**TASK TO CARRY OUT**.
Write the records out exactly as shown. No pictures.

╔══

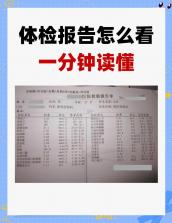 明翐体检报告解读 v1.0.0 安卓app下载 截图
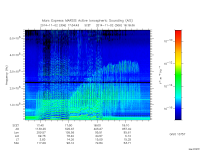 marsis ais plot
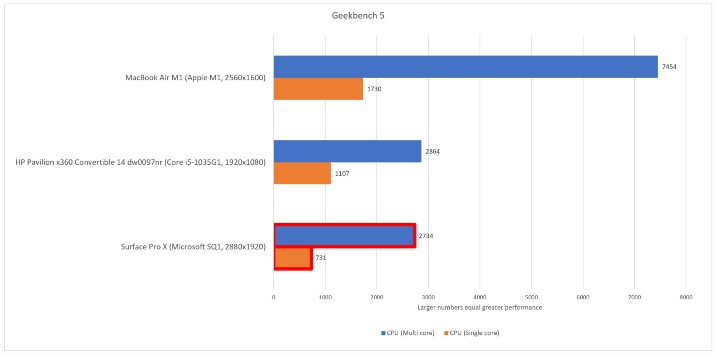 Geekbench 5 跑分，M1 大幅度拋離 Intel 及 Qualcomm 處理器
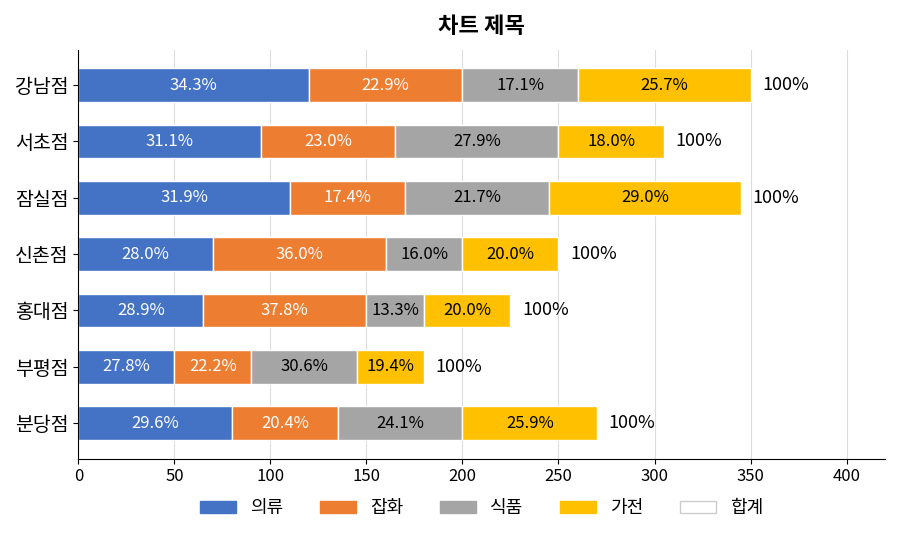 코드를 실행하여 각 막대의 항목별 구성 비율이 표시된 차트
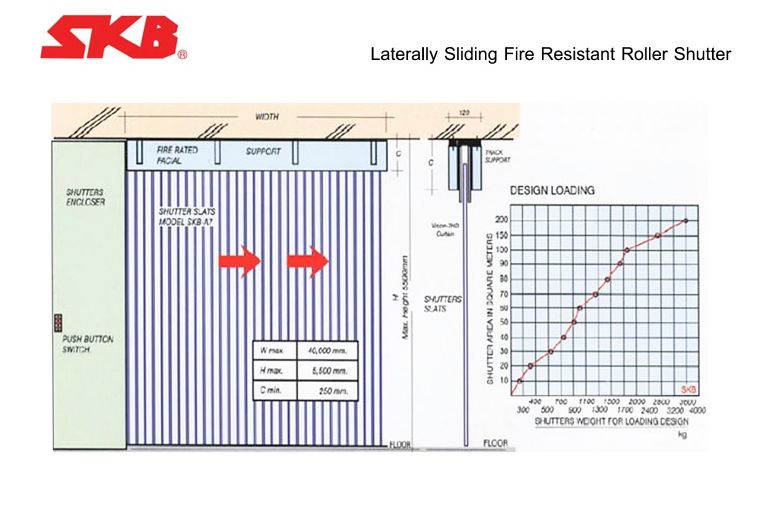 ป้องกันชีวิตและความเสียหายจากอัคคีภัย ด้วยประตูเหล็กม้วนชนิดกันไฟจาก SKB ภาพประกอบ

╚══

**PROBLEM SOLUTION**.
 明翐体检报告解读 v1.0.0 安卓app下载 截图
 marsis ais plot
 Geekbench 5 跑分，M1 大幅度拋離 Intel 及 Qualcomm 處理器
 코드를 실행하여 각 막대의 항목별 구성 비율이 표시된 차트
 ป้องกันชีวิตและความเสียหายจากอัคคีภัย ด้วยประตูเหล็กม้วนชนิดกันไฟจาก SKB ภาพประกอบ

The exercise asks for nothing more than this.